#### Problem details
From the records that follow, give the number of lines that include the word "Hole", with no further words.

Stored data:
BEGIN

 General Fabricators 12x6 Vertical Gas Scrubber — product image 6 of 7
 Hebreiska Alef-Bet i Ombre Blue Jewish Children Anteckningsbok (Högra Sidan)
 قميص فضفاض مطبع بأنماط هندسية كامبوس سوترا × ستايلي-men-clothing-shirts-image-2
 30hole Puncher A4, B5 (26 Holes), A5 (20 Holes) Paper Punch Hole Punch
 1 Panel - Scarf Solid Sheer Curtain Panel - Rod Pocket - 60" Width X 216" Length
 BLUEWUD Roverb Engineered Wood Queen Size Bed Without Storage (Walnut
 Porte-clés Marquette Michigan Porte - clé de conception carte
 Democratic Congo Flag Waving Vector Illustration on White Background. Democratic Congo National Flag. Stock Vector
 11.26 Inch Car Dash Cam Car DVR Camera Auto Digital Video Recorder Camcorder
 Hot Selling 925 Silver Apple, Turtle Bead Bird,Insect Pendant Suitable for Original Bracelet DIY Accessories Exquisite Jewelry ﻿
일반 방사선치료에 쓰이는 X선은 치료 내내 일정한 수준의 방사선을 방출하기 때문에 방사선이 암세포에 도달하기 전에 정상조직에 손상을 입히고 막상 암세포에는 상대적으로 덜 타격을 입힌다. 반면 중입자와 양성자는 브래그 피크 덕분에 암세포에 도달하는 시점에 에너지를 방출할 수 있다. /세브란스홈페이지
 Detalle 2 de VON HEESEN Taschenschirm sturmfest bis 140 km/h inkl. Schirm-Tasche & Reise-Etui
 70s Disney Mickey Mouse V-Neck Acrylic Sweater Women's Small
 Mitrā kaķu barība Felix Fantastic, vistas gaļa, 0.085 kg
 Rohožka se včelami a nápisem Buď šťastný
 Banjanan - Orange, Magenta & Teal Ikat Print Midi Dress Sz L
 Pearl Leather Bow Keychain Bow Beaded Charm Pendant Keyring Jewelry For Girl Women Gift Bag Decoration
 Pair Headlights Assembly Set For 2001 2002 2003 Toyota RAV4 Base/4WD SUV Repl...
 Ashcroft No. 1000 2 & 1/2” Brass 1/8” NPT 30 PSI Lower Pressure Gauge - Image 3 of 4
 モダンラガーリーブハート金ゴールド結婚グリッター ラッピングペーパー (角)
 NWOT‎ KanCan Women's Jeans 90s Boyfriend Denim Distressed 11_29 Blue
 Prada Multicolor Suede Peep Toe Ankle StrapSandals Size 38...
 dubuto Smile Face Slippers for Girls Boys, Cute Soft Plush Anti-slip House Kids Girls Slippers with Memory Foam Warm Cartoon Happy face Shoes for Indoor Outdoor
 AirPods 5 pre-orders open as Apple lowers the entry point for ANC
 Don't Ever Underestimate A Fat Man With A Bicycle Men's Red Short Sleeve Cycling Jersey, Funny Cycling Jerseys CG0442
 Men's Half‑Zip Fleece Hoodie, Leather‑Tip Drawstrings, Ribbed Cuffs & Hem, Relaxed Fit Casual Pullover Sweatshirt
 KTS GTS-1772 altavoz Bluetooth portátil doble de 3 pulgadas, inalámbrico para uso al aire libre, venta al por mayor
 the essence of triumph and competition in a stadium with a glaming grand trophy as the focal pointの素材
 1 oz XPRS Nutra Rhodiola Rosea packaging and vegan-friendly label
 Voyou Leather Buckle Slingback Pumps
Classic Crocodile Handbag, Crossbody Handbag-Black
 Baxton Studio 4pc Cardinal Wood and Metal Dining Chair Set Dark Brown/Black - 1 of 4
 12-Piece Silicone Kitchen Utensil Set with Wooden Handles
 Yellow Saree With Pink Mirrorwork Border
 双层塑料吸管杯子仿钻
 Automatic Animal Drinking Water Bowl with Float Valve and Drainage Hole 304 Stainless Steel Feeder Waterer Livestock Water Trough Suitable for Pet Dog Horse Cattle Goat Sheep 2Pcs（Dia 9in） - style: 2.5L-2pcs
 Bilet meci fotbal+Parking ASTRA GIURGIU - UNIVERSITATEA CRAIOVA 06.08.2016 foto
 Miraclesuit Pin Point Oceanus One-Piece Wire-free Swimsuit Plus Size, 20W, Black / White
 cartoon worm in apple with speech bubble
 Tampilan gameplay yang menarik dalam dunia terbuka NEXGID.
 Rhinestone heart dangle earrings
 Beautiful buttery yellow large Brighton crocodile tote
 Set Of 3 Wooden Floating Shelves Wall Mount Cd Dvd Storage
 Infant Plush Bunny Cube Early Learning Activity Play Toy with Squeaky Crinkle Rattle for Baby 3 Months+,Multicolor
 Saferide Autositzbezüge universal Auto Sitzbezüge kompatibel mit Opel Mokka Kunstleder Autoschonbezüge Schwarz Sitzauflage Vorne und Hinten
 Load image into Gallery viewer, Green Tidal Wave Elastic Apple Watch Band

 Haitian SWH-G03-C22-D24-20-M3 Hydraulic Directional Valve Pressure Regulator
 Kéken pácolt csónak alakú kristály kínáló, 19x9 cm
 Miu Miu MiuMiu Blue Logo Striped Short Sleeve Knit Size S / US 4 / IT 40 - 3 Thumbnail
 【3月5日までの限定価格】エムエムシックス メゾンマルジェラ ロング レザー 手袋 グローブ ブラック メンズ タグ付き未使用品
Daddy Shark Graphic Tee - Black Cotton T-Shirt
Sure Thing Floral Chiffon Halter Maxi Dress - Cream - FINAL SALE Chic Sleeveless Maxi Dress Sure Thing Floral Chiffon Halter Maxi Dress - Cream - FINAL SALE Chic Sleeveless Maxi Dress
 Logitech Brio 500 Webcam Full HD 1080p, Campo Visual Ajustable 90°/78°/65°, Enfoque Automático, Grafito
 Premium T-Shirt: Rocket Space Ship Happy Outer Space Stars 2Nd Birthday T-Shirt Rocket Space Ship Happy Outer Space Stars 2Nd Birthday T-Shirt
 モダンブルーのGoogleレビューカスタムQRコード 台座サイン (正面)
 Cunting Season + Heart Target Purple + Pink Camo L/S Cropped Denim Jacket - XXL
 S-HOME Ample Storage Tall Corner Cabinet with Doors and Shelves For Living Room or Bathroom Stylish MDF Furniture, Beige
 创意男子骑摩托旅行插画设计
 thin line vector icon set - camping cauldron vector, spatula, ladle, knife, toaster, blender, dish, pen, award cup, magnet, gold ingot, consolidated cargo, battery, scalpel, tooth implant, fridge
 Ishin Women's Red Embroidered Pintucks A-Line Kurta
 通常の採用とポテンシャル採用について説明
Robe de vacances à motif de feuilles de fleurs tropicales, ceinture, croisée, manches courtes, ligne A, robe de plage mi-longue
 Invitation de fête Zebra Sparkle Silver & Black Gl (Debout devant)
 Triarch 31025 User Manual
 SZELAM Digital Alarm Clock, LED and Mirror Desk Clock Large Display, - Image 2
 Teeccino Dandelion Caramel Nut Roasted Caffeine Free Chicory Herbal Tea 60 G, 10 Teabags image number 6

END

#### Written solution
2